* _EXERCISE OBJECTIVE_
Of the entries below, restate word for word only the section that runs from the line with "Leopard and Pink Grosgrain Ribbon (Spool)" to the line with "Asciugacapelli Remington D6077", counting both ends.

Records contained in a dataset
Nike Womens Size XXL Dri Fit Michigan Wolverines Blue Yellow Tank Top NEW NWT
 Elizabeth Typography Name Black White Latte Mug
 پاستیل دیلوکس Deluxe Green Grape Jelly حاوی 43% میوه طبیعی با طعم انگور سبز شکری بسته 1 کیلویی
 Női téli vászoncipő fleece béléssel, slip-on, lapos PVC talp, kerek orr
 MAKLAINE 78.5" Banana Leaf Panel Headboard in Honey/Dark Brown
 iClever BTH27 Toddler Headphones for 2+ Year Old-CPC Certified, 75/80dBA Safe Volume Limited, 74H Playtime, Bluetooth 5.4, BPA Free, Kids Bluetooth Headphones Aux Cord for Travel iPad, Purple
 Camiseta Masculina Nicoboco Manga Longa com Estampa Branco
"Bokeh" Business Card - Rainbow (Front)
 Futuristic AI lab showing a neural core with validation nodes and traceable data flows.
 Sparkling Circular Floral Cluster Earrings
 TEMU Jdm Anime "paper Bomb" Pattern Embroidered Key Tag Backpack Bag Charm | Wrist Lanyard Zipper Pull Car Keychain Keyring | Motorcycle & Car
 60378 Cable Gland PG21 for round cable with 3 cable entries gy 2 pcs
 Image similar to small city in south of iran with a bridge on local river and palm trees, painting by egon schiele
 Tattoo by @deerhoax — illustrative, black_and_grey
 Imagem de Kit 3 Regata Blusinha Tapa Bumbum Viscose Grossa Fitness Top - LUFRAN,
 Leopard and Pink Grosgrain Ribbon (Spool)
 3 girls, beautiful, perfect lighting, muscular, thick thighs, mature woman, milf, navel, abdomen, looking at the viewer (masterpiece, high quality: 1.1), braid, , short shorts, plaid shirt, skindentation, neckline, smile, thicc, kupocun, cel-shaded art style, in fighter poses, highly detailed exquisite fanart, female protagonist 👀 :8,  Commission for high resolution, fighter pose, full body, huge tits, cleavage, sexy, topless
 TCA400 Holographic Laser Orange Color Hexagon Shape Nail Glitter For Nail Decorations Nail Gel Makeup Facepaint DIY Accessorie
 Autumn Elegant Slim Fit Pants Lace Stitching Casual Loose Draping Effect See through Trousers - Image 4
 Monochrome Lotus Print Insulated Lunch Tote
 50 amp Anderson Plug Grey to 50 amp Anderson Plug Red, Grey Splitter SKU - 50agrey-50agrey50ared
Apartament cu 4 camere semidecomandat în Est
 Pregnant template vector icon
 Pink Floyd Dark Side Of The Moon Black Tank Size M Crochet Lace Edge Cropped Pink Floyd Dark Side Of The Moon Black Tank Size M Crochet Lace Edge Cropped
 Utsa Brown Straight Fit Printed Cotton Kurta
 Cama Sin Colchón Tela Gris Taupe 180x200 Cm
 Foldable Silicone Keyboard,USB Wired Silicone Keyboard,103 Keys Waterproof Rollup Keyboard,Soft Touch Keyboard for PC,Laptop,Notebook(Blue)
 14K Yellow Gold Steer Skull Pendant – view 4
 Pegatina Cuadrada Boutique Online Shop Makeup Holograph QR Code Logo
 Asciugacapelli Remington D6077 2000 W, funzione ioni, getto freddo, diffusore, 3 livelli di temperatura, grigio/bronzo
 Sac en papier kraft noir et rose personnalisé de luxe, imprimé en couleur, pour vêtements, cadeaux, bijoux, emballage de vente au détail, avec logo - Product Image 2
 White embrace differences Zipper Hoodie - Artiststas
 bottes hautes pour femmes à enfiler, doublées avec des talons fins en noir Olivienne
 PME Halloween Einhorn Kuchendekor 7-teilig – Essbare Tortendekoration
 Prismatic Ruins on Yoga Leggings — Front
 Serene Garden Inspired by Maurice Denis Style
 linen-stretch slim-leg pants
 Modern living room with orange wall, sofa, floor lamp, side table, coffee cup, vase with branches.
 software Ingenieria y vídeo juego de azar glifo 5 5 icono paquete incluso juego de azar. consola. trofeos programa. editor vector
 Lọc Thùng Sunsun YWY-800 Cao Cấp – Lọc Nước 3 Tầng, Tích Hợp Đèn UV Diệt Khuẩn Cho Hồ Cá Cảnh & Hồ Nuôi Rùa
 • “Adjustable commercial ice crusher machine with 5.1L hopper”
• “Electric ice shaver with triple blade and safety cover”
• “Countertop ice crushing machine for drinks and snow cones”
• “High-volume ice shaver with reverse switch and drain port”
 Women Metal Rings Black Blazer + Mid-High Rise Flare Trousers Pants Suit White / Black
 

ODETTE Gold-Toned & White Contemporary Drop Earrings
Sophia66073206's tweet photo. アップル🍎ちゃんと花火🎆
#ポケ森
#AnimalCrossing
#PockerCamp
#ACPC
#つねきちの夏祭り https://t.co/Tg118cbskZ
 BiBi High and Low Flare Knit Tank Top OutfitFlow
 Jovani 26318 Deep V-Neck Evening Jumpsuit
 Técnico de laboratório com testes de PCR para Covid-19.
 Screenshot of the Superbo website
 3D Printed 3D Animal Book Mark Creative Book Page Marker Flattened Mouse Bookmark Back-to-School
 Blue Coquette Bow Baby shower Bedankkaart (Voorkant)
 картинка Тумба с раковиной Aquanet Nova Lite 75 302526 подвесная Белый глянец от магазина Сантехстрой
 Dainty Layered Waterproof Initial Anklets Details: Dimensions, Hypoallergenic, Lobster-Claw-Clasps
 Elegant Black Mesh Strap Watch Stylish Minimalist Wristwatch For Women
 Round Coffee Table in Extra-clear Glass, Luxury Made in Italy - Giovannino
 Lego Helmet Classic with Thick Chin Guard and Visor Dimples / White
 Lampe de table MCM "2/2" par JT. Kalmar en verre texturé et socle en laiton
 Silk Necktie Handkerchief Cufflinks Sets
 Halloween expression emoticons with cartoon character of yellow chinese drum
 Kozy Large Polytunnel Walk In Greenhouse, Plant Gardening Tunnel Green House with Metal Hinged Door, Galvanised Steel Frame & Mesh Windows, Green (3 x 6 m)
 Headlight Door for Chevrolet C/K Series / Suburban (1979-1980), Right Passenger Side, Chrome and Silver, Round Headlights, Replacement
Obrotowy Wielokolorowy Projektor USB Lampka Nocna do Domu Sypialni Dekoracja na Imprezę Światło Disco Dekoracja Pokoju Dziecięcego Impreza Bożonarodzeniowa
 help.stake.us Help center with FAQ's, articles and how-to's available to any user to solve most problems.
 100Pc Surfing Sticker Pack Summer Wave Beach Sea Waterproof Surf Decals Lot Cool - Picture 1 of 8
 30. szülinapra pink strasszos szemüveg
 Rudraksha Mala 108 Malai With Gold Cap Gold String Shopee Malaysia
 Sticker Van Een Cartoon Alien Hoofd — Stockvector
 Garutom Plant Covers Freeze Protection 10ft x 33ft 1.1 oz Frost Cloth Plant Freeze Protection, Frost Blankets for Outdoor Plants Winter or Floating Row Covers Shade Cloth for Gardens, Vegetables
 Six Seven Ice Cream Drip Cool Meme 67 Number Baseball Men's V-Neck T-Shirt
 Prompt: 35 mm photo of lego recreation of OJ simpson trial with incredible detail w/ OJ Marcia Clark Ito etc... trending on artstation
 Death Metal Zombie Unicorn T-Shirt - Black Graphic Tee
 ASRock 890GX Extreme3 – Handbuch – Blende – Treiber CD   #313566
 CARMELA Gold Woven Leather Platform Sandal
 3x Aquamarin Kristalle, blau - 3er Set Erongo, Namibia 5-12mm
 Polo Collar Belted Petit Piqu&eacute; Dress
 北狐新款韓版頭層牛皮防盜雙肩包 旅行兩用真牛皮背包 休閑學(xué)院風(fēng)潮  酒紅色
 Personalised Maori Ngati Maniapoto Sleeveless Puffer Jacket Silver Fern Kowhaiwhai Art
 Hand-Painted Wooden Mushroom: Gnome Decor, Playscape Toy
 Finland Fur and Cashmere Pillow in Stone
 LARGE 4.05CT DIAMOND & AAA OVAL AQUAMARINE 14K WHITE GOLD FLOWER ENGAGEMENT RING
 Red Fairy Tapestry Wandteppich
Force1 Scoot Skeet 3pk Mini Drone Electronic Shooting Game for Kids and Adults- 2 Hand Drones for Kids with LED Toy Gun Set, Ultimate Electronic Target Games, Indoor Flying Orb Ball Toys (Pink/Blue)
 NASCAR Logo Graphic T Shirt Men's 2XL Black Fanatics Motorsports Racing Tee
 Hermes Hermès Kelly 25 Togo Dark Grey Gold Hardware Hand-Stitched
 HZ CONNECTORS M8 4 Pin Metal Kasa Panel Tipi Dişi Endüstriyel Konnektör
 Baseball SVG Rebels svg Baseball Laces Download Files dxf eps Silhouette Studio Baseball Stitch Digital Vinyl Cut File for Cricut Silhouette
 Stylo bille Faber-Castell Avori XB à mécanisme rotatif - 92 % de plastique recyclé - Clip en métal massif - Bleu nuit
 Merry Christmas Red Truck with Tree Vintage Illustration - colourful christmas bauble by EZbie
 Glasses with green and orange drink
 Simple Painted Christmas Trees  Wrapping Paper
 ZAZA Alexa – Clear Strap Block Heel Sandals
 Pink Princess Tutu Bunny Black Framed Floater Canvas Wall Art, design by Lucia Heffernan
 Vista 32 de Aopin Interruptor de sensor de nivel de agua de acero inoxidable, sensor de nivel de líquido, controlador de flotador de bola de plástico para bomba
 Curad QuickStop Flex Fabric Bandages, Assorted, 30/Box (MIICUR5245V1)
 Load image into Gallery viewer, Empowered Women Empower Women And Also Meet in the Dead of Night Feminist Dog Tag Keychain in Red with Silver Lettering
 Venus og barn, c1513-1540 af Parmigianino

* _TASK RESPONSE_
 Leopard and Pink Grosgrain Ribbon (Spool)
 3 girls, beautiful, perfect lighting, muscular, thick thighs, mature woman, milf, navel, abdomen, looking at the viewer (masterpiece, high quality: 1.1), braid, , short shorts, plaid shirt, skindentation, neckline, smile, thicc, kupocun, cel-shaded art style, in fighter poses, highly detailed exquisite fanart, female protagonist 👀 :8,  Commission for high resolution, fighter pose, full body, huge tits, cleavage, sexy, topless
 TCA400 Holographic Laser Orange Color Hexagon Shape Nail Glitter For Nail Decorations Nail Gel Makeup Facepaint DIY Accessorie
 Autumn Elegant Slim Fit Pants Lace Stitching Casual Loose Draping Effect See through Trousers - Image 4
 Monochrome Lotus Print Insulated Lunch Tote
 50 amp Anderson Plug Grey to 50 amp Anderson Plug Red, Grey Splitter SKU - 50agrey-50agrey50ared
Apartament cu 4 camere semidecomandat în Est
 Pregnant template vector icon
 Pink Floyd Dark Side Of The Moon Black Tank Size M Crochet Lace Edge Cropped Pink Floyd Dark Side Of The Moon Black Tank Size M Crochet Lace Edge Cropped
 Utsa Brown Straight Fit Printed Cotton Kurta
 Cama Sin Colchón Tela Gris Taupe 180x200 Cm
 Foldable Silicone Keyboard,USB Wired Silicone Keyboard,103 Keys Waterproof Rollup Keyboard,Soft Touch Keyboard for PC,Laptop,Notebook(Blue)
 14K Yellow Gold Steer Skull Pendant – view 4
 Pegatina Cuadrada Boutique Online Shop Makeup Holograph QR Code Logo
 Asciugacapelli Remington D6077 2000 W, funzione ioni, getto freddo, diffusore, 3 livelli di temperatura, grigio/bronzo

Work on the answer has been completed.